Not to be taken too seriously yet not to be dismissed offhand either, the careful maintenance of lively imagination is a helpful tool for countering malaise.
Doug's 1st Movie captures this potentiality with active assertion and cerebral levity, as Doug's (Thomas McHugh) prosperous lighthearted daydreaming productively blends highest hopes with bewilderment.
He's faced with a daunting challenge after a pesky lake monster befriends him, and he discovers that local waters have been overwhelmingly polluted.
With the help of his trusty friend Skeeter (Fred Newman), they alert the local authorities, but the principal culprit owns most the town, and heavily influences trusted news outlets.
It's strange how polluters spend so much money advertising that they're environmentally friendly, a comparison between oil sands documentaries and industry ads providing an example of bleak disparity.
In Doug's 1st Movie a legion of well-heeled minions rivalling Sejanus's network of spies, is instantaneously and elaborately employed once the threat to Mr. Bluff's (Doug Preis) business is detected.
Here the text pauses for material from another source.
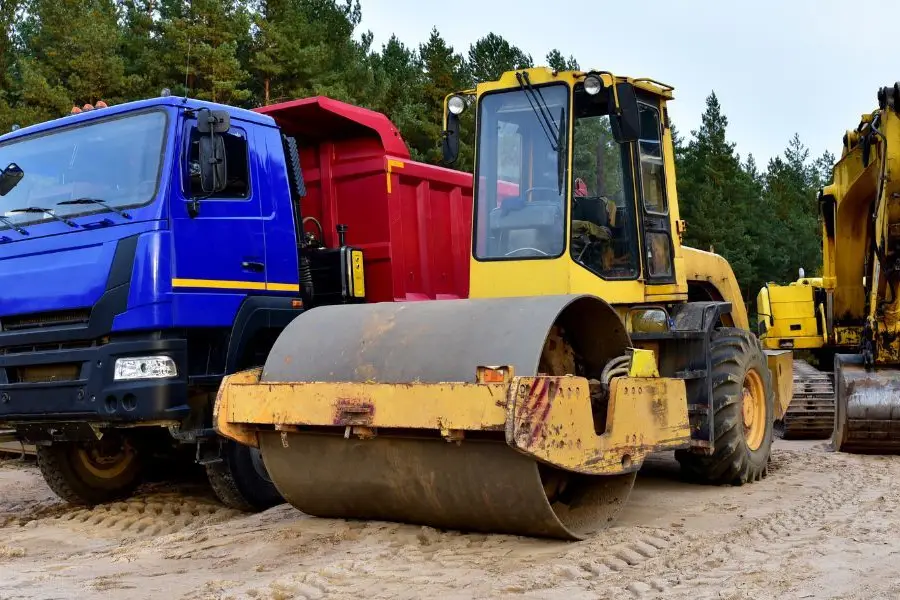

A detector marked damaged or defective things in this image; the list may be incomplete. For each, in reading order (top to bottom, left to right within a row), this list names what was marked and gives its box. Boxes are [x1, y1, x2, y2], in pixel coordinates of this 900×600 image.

rusty roller drum surface [256, 296, 640, 540]
rusty roller drum surface [832, 354, 900, 452]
But rather than spending so much to conceal a reality that pejoratively effects the health of the town, why didn't he spend a commensurate amount of casholla actually cleaning up the polluted lake?
I suppose it's ideological, it's the belief that pollution isn't harmful, and the exponential generation of profits sacrosanct, devoutly tilled and strangely upheld.
Thus, a portion of the operating budget (or some budget or other) is spent casting a rosy image of disastrous environmental effects, to uphold an ideological perspective that equates health with profit generation.
I don't want to see people out of work, I'm in favour of patiently making industry as green as possible without job losses, I'm certainly not ideologically opposed to industry and the ways in which it sustains the livelihoods of so many.
But spending so much to suggest industry has no serious environmental effects, when that money could be alternatively used to mitigate them, doesn't make much sense to me, and many many others.
Fortunately, Doug's also prone to daydreaming which keeps his mind active and imaginatively composed, giving him the strategic hypothetical wherewithal to keep his new monster friend hidden for quite some time.
A surprisingly relevant take on sociopolitical relations, this Doug's 1st Movie packs a precocious punch.
A solid introduction to unfortunate realities.
Composed through thoughtful reverie.